## EXERCISE OBJECTIVE
Give the data again exactly, stopping after the "Reportan bote de" line.

## INPUT DATA
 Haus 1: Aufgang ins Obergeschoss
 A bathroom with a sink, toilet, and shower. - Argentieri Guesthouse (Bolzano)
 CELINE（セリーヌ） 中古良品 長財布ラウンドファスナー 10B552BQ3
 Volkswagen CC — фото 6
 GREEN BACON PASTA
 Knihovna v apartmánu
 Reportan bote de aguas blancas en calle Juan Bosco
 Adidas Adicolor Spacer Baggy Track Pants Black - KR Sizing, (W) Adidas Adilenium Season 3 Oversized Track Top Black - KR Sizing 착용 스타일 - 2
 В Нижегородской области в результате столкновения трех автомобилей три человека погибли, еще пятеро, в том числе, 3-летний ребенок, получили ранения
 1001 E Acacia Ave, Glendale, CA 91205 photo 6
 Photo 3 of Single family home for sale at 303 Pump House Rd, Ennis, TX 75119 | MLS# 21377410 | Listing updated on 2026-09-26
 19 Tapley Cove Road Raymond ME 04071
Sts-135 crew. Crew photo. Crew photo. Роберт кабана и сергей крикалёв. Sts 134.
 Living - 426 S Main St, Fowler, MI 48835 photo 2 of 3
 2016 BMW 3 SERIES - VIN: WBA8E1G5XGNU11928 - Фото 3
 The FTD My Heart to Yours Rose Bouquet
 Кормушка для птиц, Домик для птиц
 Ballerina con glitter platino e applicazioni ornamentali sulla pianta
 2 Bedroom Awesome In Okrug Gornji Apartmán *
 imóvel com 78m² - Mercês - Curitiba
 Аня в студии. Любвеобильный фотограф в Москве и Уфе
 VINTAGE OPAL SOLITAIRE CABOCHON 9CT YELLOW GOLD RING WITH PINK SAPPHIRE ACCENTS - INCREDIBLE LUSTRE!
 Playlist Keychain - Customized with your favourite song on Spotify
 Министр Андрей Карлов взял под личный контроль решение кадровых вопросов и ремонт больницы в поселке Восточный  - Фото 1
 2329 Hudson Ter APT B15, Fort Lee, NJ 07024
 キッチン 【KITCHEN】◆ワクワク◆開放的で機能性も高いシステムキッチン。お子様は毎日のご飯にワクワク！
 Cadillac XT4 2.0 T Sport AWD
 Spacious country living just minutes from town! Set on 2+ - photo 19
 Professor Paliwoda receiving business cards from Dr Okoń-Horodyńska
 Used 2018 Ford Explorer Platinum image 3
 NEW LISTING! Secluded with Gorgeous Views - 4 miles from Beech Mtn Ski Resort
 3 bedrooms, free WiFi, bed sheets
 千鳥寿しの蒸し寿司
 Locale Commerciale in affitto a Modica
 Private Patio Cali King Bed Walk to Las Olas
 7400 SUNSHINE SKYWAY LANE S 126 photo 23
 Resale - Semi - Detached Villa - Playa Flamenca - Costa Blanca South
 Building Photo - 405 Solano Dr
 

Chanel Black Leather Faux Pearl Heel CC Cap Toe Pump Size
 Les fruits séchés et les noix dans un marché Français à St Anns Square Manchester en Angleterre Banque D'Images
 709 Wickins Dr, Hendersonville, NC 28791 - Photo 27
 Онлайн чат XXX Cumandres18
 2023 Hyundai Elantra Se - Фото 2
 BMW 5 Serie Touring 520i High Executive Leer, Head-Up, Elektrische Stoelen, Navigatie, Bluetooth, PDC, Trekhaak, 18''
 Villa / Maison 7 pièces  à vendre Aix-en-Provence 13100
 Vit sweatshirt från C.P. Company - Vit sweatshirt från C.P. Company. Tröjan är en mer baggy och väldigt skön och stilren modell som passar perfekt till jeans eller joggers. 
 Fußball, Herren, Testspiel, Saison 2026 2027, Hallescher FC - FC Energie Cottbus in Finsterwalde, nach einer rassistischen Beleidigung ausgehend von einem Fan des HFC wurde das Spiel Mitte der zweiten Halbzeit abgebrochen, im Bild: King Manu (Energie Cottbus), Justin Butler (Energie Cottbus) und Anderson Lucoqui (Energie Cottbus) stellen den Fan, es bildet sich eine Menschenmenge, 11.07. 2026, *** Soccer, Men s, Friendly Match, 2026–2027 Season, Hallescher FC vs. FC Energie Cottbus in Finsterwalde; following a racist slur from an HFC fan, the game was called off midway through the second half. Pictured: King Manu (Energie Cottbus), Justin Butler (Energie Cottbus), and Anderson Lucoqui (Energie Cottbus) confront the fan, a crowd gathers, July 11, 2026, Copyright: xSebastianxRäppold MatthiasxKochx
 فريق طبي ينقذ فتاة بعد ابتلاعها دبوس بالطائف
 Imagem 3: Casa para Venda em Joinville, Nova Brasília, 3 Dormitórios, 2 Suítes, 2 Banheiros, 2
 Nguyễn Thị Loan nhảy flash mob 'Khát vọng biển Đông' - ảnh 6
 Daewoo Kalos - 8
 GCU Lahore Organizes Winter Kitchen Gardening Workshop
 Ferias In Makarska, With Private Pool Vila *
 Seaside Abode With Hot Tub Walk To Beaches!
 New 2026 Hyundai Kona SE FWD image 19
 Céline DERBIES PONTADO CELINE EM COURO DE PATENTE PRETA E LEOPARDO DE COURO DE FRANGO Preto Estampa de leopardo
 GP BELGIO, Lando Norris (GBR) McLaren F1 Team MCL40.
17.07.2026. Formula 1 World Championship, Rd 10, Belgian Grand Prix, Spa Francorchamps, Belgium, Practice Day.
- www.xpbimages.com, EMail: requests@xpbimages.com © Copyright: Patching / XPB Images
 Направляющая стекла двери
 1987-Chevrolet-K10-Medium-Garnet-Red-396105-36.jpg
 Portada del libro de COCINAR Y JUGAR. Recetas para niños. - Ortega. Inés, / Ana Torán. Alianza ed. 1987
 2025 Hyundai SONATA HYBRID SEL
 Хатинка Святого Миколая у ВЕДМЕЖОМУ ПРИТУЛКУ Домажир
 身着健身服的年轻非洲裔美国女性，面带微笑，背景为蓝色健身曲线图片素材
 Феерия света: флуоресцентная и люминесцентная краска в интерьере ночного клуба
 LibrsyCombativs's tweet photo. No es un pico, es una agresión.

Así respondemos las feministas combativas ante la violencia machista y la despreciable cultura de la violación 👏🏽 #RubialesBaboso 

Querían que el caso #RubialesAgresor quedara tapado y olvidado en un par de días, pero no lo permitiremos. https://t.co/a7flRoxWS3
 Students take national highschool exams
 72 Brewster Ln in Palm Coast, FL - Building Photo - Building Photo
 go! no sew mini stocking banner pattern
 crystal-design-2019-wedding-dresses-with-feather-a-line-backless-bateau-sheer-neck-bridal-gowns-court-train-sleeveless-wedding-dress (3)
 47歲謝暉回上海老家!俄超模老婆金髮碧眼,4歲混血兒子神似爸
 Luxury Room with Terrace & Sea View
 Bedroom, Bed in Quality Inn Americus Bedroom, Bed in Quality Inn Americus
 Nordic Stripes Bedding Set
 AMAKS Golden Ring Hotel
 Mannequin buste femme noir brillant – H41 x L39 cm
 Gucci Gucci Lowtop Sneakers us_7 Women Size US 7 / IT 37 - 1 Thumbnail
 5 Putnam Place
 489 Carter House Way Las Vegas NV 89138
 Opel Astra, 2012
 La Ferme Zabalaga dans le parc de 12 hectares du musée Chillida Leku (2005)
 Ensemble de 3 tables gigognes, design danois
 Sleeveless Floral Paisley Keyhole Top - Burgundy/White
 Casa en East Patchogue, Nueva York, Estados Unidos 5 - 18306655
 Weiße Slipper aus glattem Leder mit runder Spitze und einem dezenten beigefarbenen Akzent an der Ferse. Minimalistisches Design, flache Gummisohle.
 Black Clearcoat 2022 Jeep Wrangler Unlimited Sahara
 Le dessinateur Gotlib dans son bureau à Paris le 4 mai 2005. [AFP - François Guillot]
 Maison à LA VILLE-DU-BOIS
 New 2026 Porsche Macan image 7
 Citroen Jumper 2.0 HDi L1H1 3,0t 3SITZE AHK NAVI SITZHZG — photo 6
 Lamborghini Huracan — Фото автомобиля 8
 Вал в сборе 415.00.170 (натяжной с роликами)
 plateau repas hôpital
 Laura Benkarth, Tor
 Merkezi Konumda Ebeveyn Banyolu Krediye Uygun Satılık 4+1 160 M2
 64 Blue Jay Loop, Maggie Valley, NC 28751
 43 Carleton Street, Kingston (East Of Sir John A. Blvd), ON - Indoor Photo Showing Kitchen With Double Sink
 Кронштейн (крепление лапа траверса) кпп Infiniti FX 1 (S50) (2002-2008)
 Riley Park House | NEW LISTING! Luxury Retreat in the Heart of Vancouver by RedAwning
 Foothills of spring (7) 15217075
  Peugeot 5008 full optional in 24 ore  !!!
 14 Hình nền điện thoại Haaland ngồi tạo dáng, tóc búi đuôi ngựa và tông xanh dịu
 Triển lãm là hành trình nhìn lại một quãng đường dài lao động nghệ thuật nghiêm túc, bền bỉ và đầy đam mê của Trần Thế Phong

## RESPONSE TO THIS EXERCISE
 Haus 1: Aufgang ins Obergeschoss
 A bathroom with a sink, toilet, and shower. - Argentieri Guesthouse (Bolzano)
 CELINE（セリーヌ） 中古良品 長財布ラウンドファスナー 10B552BQ3
 Volkswagen CC — фото 6
 GREEN BACON PASTA
 Knihovna v apartmánu
 Reportan bote de aguas blancas en calle Juan Bosco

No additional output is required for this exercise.